そのトロデの言葉に、ヤンガスが同意するということは、彼は見た目で何か判断されたことがあるのだろう。彼の場合も無理はないと言える。かなりの強面だからだ。
「ときにエイリュート。マスター・ライラスじゃが、見つけることができたかの?」
「それが・・・」
「実は、マスター・ライラスは火事で亡くなってたでげすよ」
「な・・・なんと!! すでに亡くなっていたじゃとっ!? むむむむむ・・・」
言葉に詰まったエイリュートに代わり、ヤンガスが告げると、トロデは愕然とした。
「ふむ、亡くなってしまったものは、仕方がないの・・・。もともと我らが追っているのは、わしと姫をこのような姿に変えた憎きドルマゲスじゃ! マスター・ライラスに聞けばヤツのことが何かわかるやも知れぬとそう思ったのじゃが・・・やはりドルマゲスの行方は、わしらが自力で探すしかないようじゃな」
あてにしていた人物が、すでにこの世にいなかったのだ。残念といえば残念だが、いた仕方ない。
「では行くとするか。ライラスがいない今、こんな町に長居は無用じゃ!」
「お待ちください!」
出発しようとしたエイリュートたち一行に、背後から声がかかった。振り返ってみれば、まだ年若い少女が立っていた。
「お待ちください・・・。じつは、あなた方にお願いがあって、こうして駆けつけてきました」
「お嬢さん、あんた、このわしを見てもこわくないのかね?」
「夢を見ました・・・。人でも魔物でもない者が、やがてこの町を訪れる・・・。その者がそなたの願いを叶えるであろう・・・と」
「人でも魔物でもない? それはわしのことか?」
「あっ、ごめんなさい」
娘の言葉に、トロデ王はショックを受け、傍らのヤンガスは可笑しそうに笑っている。
「まあ、よいわ。見れば我が娘ミーティアと同じような年頃。そなた、わしらのことを夢に見たと申すか? よくわからぬ話しじゃが・・・」
「あっ、申し遅れました。私は占い師ルイネロの娘のユリマです」
「占い師・・・って、さっきの人かな?」
「そうでげすね」
エイリュートがヤンガスを見下ろすと、ヤンガスもエイリュートに視線を向け、うなずいた。

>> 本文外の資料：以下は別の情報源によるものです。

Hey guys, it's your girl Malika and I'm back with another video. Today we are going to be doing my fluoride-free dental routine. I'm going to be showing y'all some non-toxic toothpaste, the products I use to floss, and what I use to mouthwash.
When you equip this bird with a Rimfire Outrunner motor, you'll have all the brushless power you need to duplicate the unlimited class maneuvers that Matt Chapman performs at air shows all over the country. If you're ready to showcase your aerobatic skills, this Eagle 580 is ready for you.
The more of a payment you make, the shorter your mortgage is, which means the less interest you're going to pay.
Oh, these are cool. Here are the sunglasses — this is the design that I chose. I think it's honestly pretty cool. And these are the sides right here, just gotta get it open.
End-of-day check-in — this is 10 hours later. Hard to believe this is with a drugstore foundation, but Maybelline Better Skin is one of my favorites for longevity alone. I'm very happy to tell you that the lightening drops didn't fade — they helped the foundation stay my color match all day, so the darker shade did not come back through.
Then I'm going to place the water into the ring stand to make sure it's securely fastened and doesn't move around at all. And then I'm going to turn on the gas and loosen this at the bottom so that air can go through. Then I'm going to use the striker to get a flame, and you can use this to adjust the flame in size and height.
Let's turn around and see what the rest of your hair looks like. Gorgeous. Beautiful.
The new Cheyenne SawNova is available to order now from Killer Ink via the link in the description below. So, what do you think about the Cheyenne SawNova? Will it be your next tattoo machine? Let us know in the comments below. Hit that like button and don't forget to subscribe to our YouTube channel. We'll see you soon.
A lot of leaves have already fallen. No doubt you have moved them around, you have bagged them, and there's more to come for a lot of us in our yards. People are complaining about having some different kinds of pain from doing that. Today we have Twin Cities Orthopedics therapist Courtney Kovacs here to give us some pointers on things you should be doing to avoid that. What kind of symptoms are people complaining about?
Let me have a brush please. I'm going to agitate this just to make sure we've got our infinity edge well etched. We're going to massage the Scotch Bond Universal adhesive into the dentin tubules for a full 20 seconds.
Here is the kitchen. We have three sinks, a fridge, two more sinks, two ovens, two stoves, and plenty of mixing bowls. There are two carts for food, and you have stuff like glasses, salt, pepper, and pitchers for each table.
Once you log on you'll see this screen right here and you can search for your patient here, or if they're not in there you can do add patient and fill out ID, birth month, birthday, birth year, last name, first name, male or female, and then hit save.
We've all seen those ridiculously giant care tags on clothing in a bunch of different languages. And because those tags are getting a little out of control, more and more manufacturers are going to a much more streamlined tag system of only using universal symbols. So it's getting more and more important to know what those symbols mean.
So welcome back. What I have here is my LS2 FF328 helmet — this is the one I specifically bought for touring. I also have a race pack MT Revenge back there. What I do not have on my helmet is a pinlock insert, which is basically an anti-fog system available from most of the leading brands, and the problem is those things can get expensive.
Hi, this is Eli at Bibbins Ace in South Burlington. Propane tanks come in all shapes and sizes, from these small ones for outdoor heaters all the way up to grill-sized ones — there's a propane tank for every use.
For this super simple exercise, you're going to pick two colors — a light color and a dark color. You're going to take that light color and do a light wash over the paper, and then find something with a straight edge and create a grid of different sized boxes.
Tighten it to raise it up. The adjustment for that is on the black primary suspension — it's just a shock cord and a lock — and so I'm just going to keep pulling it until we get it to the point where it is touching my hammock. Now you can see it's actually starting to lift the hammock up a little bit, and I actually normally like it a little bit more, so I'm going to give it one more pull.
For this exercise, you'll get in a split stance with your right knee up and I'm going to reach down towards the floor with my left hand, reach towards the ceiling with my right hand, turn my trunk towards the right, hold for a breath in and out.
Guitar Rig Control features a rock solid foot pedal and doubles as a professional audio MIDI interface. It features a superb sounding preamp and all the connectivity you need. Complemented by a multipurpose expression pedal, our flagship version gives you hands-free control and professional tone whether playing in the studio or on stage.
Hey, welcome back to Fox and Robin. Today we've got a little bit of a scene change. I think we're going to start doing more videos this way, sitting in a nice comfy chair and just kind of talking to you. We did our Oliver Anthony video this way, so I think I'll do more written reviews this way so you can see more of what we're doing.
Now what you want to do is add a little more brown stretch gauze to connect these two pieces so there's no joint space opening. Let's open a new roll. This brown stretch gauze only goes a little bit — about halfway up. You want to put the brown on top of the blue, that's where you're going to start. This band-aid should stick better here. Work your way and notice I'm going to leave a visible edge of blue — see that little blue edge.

「どうか私の家に来てくれませんか? 詳しい話は、そこで。町の奥の、井戸の前が私の家です。待ってますから、きっと来てくださいね!」
「え・・・あ、ちょ・・・」
エイリュートが声をかけるより早く、ユリマはさっさと町の中に入って行ってしまった。
「なんでげすかい、あの娘っ子は? “井戸の前の家が、私の家です”って・・・」
「えらぁい!!!」
不服そうにつぶやいたヤンガスの言葉を遮るようにして、トロデ王が叫んだ。
「このわしを、見ても怖がらぬとは、さすが我が娘ミーティアと同じ年頃じゃ! ここは一つ、あの娘のために一肌脱いでやろうではないか!」
「・・・おっさん、その理由付けはどうかと」
「よし! エイリュート! 町の奥の井戸の前の家じゃったな。お前、行って話を聞いてまいれ」
「トロデ王は、どうなさいますか?」
「わしと姫はここで待っておるよ。また騒がれてもやっかいでな」
半ば強引に決めてしまった主に、エイリュートは何も言えず、ヤンガスを伴い、再びトラペッタの町へと入っていったのだった。